I'm looking at the trilinear example in this Wikipedia article. I would like to translate this example to the case $f:R\times R\times R\rightarrow R$, where $R$ is the real number line. The basis vector set for each vector space $R^1=R$ is $\{\textbf{e}\}=\{(1)\}$. The article seems to claim that for any $\textbf{a}=(a),\textbf{b}=(b),\textbf{c}=(c)\in R^1$, $f(\textbf{a},\textbf{b},\textbf{c})=f(a,b,c)$ can be expressed in the form $abc\times f(\textbf{e},\textbf{e},\textbf{e})=abc\times f(1,1,1)$.

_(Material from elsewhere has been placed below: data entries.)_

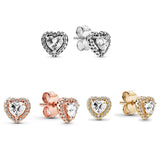 925 Silver Heart Crystal Stud Earrings Wedding Gift
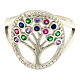 Tree of Life ring with colourful zircons, 925 silver s2
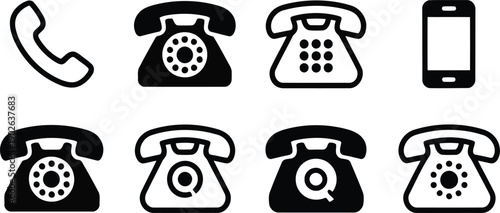 Diverse black phone icons showing classic rotary models, a handset, and a simple smartphone device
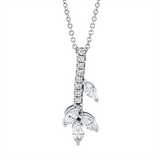 Collier 18 kt WG, mit ZÖ 40 cm, 4 Nav. 0,28 ct, TW-vsi, 8 Brill. 0,05 ct, TW-si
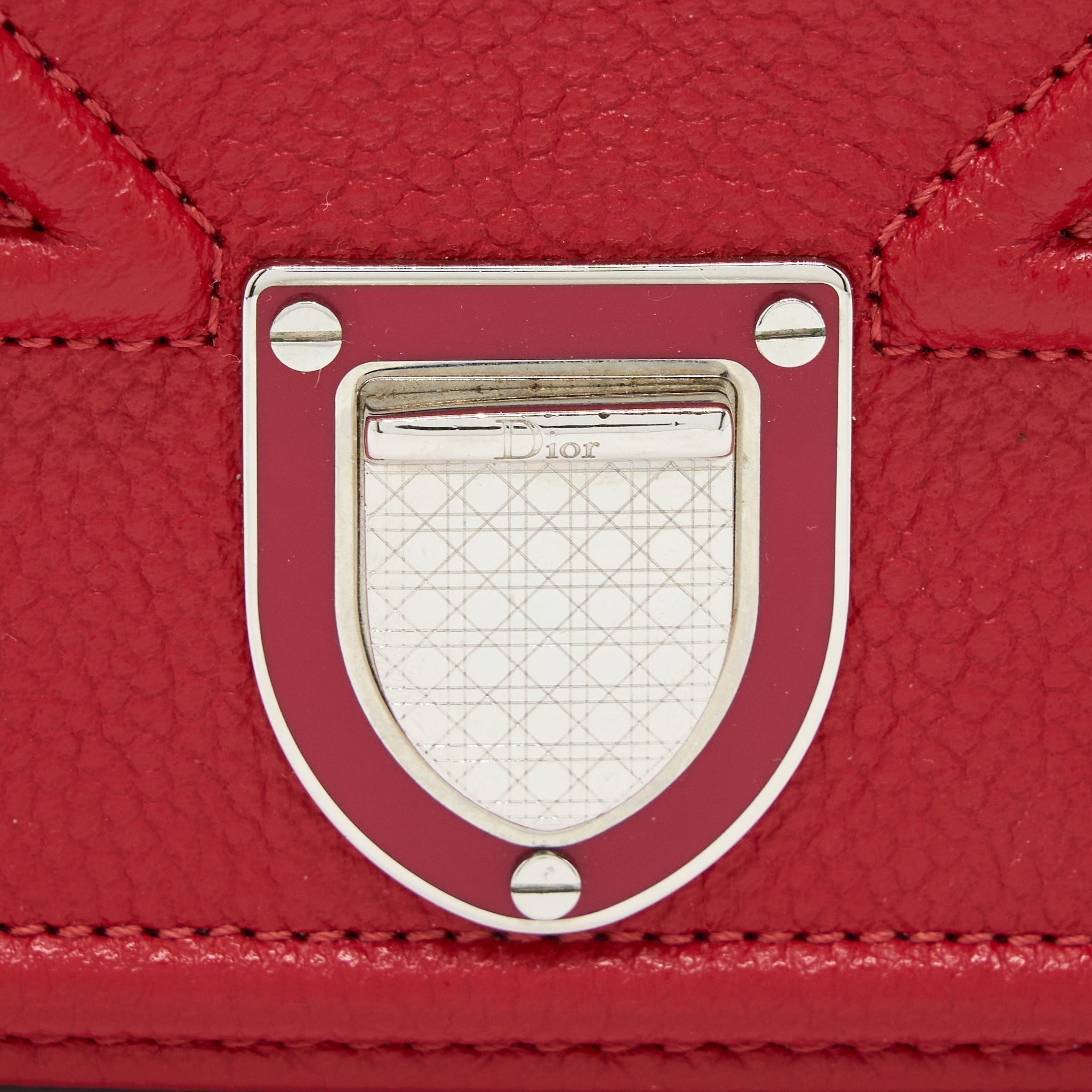 DIOR DIORAMA WALLET ON CHAIN CALFSKIN RED SHW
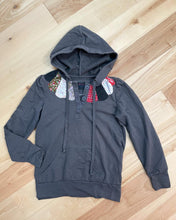 Load image into Gallery viewer, Grateful Quilted Collar Pullover Fall Hoodie - Size XS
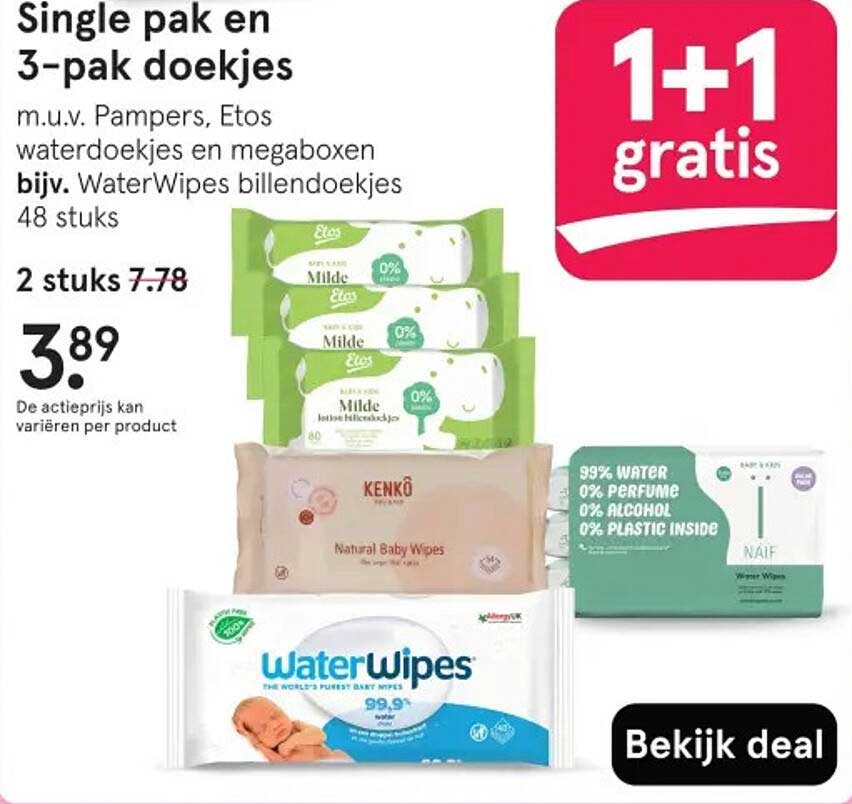 Single pak en 3-pak doekjes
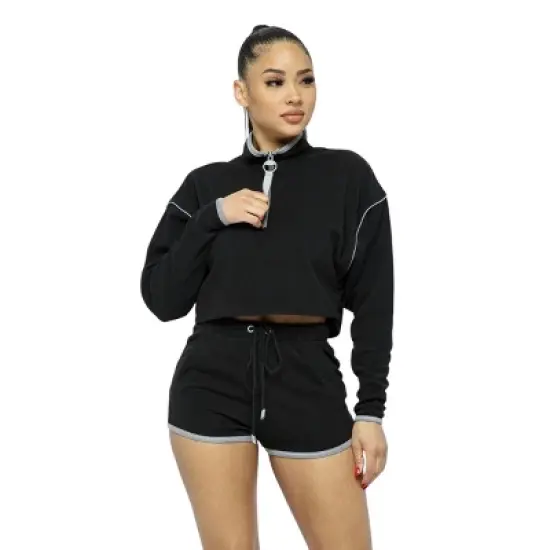 Slickblue Women's Activewear Set, Sporty Crop Top with Zipper & High-Waist Shorts, Casual Style, Black, Size S-L image {7}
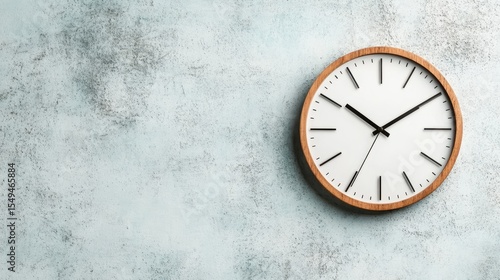 Wallpaper Mural A stylish wooden wall clock with a minimalistic design placed against a textured light blue wall, showcasing modern aesthetics and the concept of time in a simple yet elegant way. Torontodigital.ca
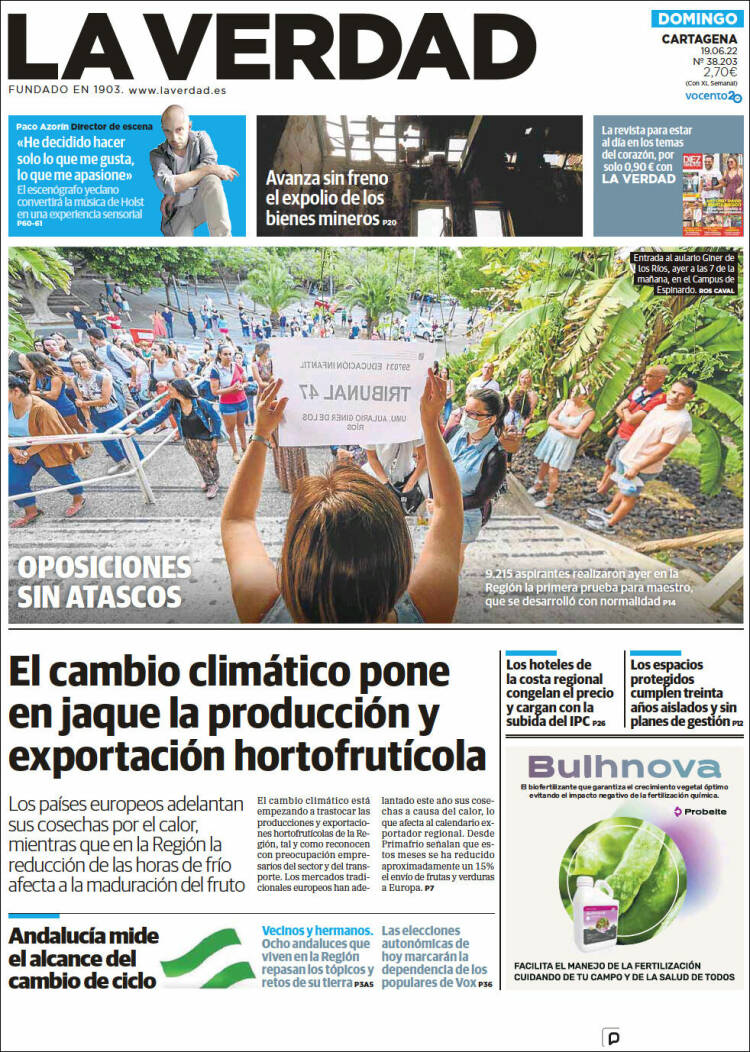 Portada de La Verdad de Cartagena (Espa&ntilde;a)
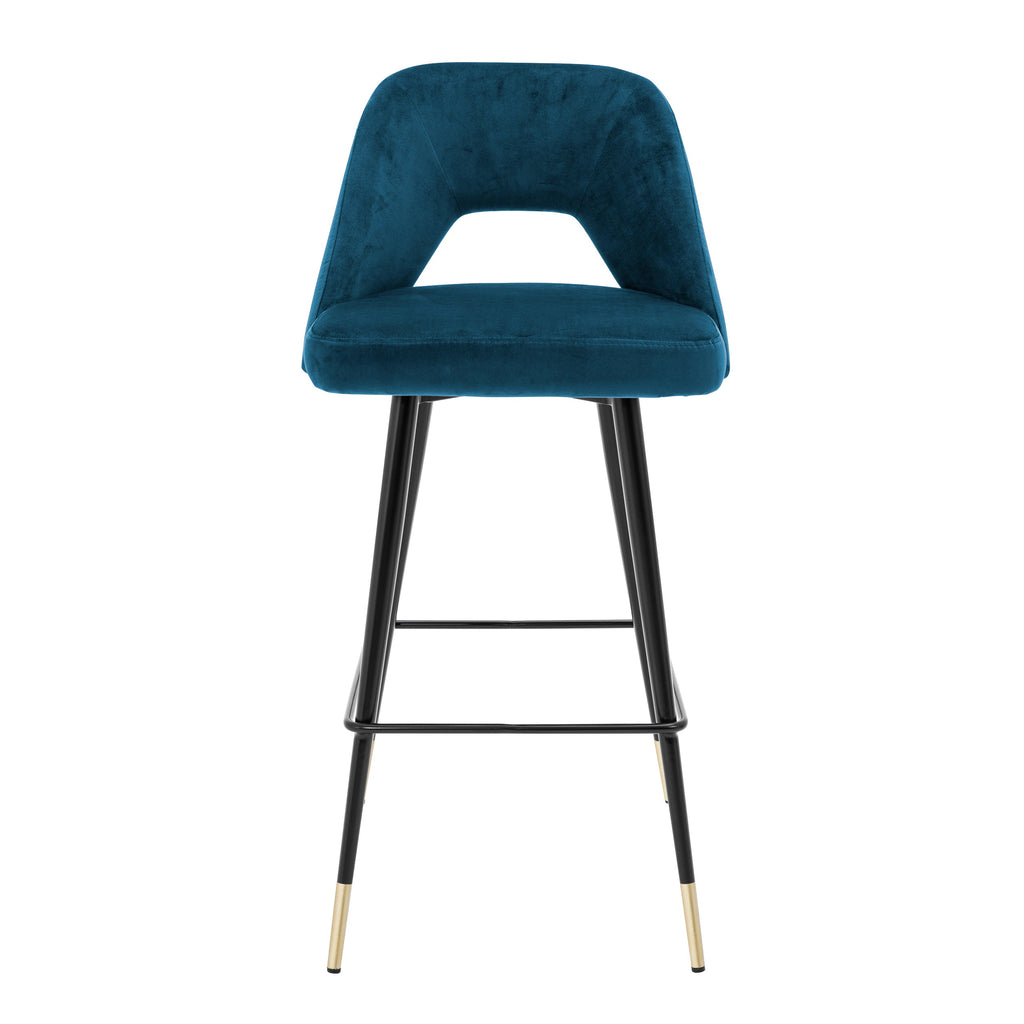 Bar Stool Avorio Roche Blue Velvet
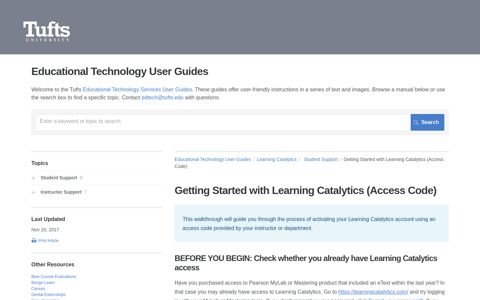 Getting Started with Learning Catalytics (Access Code ...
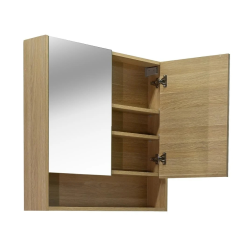 Armoire de toilette assemblée 80x75 cm, stratifié, 4 étagères, miroir, couleur chêne (LUCCA80CABD)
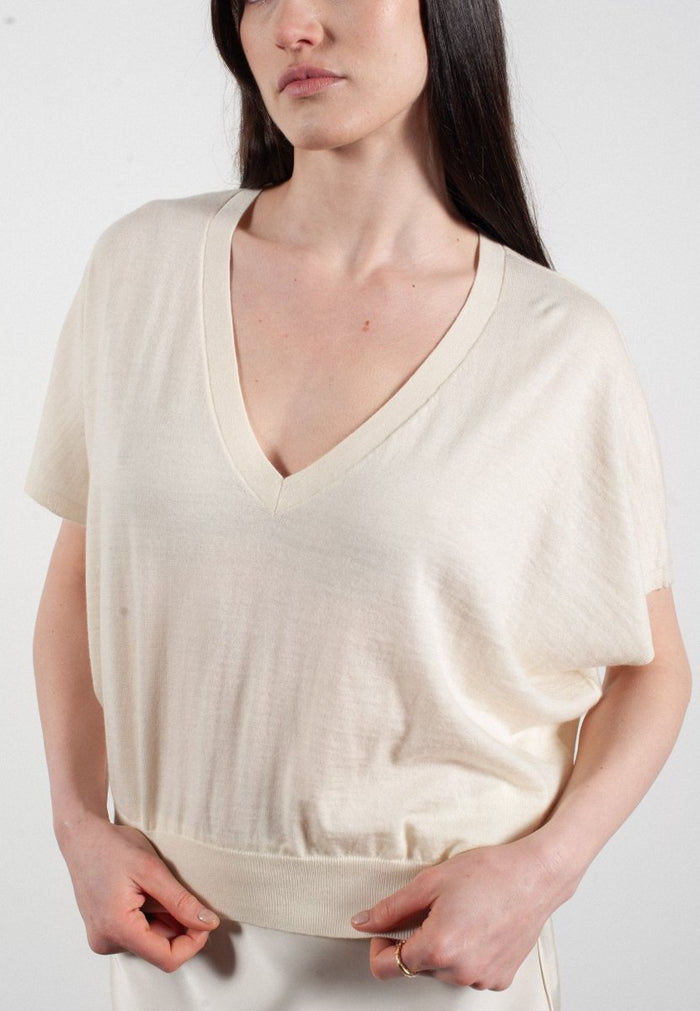 Pull col V à manches chauve souris femme en cachemire & laine ultrafin blanc - KELLY 6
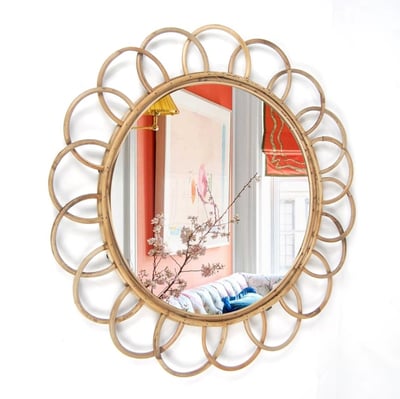 rattan cane mirror
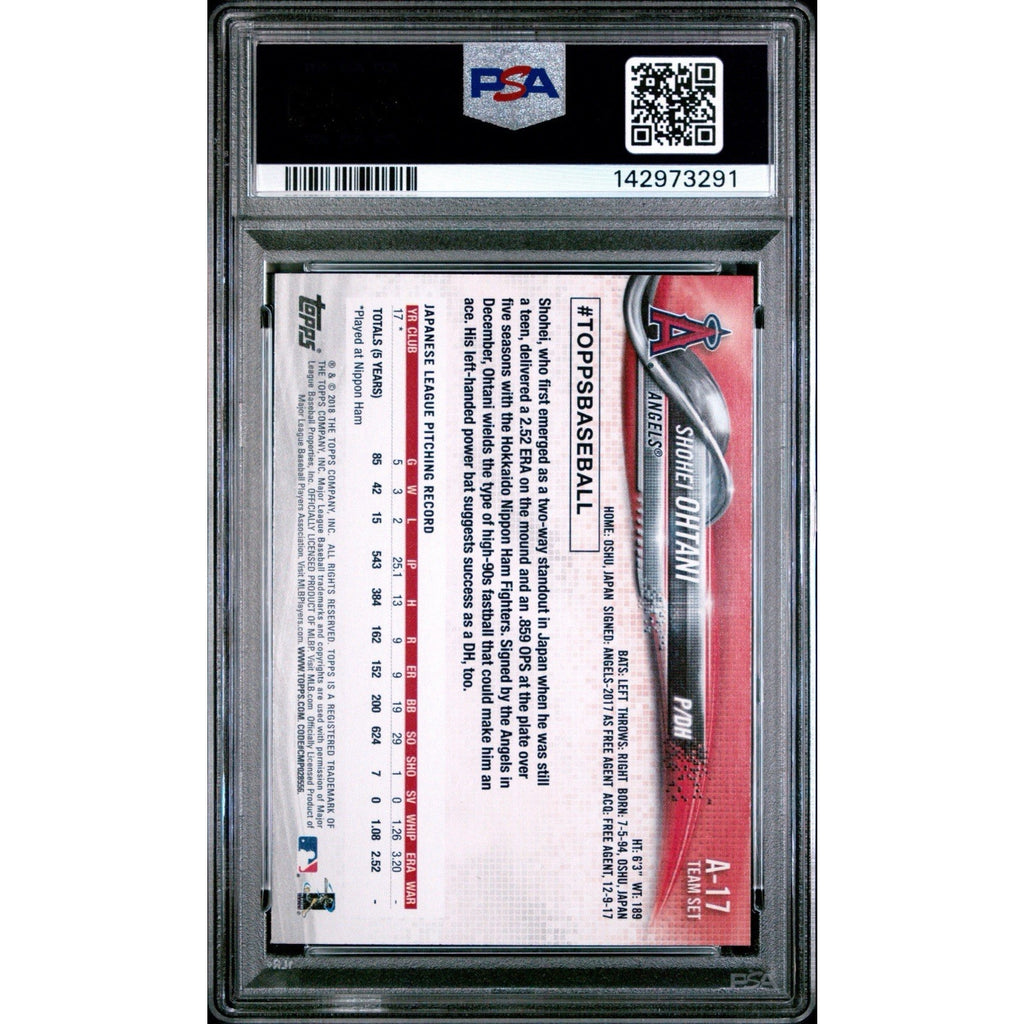 2018 Topps Team Set SHOHEI OHTANI Los Angeles Angels Team Set RC #A-17 PSA 9
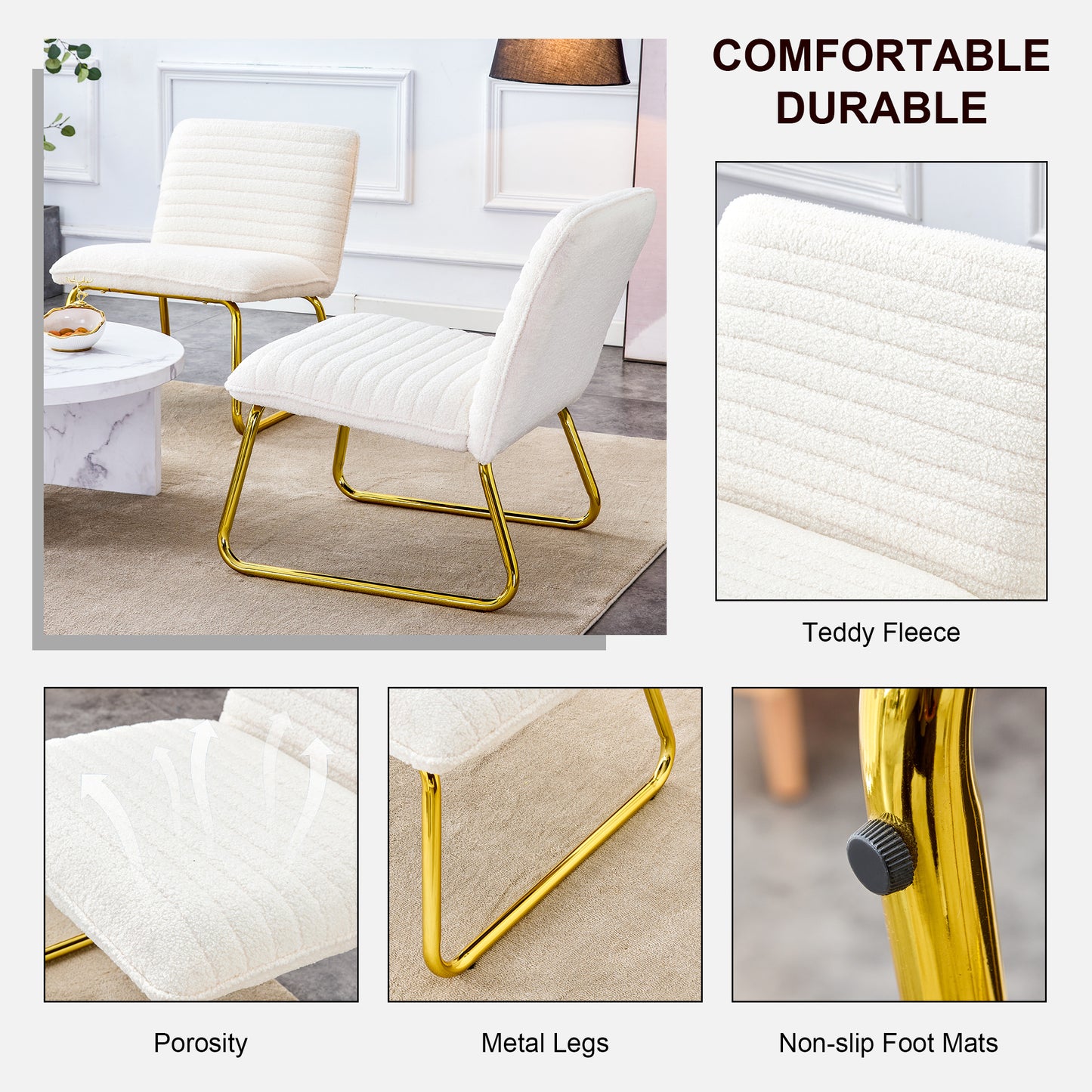 White Minimalist Armless Sofa Chair with Plush Cushion and Backrest - Elegant Design with Golden Metal Legs, Ideal for Offices, Restaurants, Kitchens, and Bedrooms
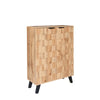 Modern Wood Shoe Storage Unit w/ 5 Compartments & Black Handles, 80x35x110cm
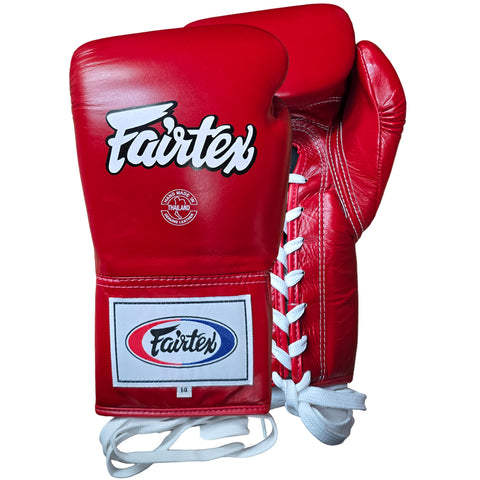 Boxing Gloves Fairtex BGL6 Red Lace-Up Pro Competition Locked Thumb (Leather)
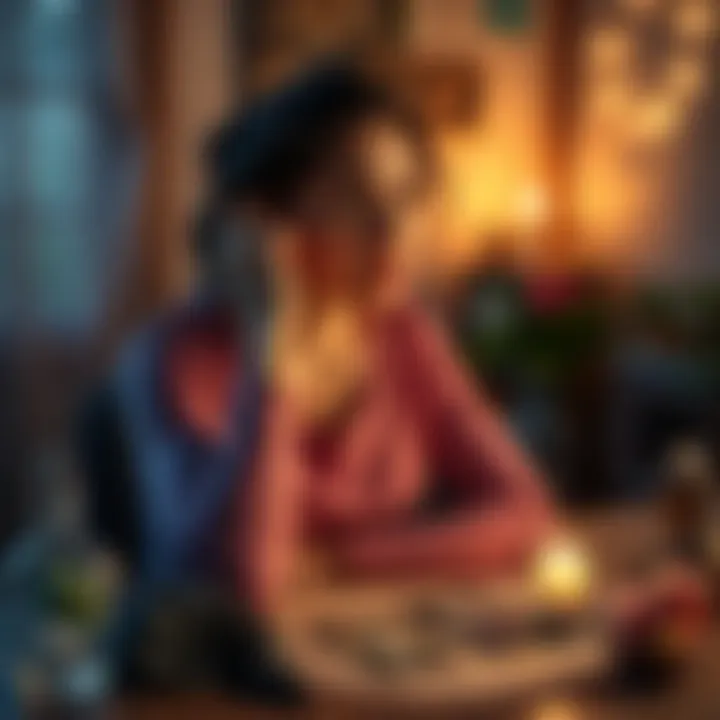 A woman looks thoughtful while sitting in a cozy room, surrounded by crystals and tarot cards, reflecting on her spiritual journey and the costs involved.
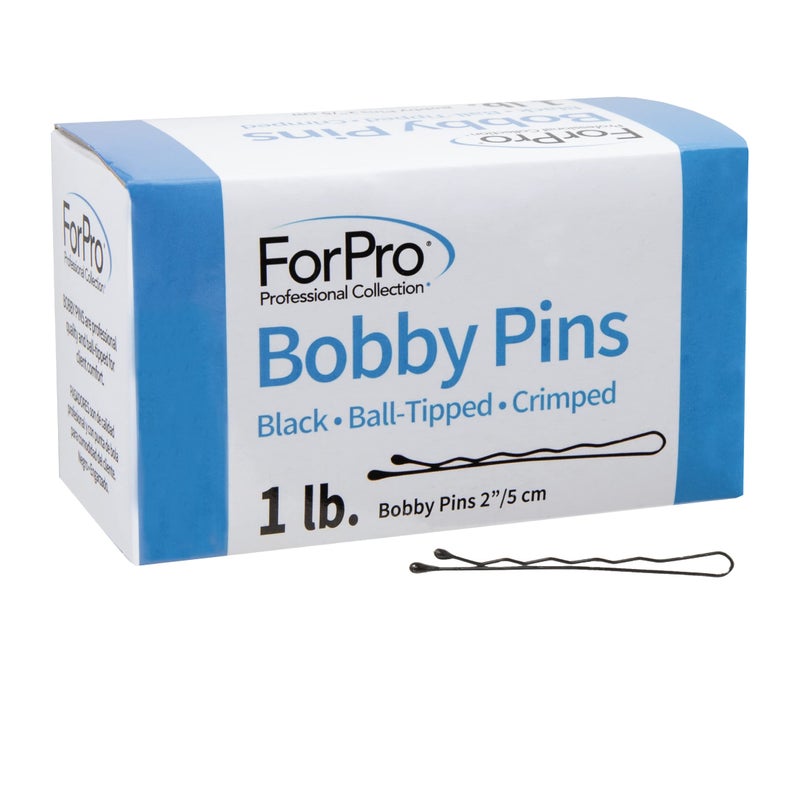 ForPro Professional Collection Bobby Pins (400-Count Approx), Black, 2" L, Ball-Tipped, Crimped, Non-Slip, Non-Damaging, 1 Lb. - Image 1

Suppose the multilinear function is $f(x,y,z)=xy+z$. Then $f(2,3,4)=10$. Also, $f(\textbf{e},\textbf{e},\textbf{e})=f(1,1,1)=2$. So according to the article, the answer to $f(2,3,4)$ should be $2\times 3\times 4\times f(1,1,1)=24\times 2 = 48$. But $48$ is incorrect because $48\neq 10$. So I must have incorrectly translated the formula. What is the correct translation?
$f$ is a multilinear polynomial, but not a multilinear map. While both must form a straight line in each variable when all others are held constant, a multilinear map must additional obey the linearity homomorphism.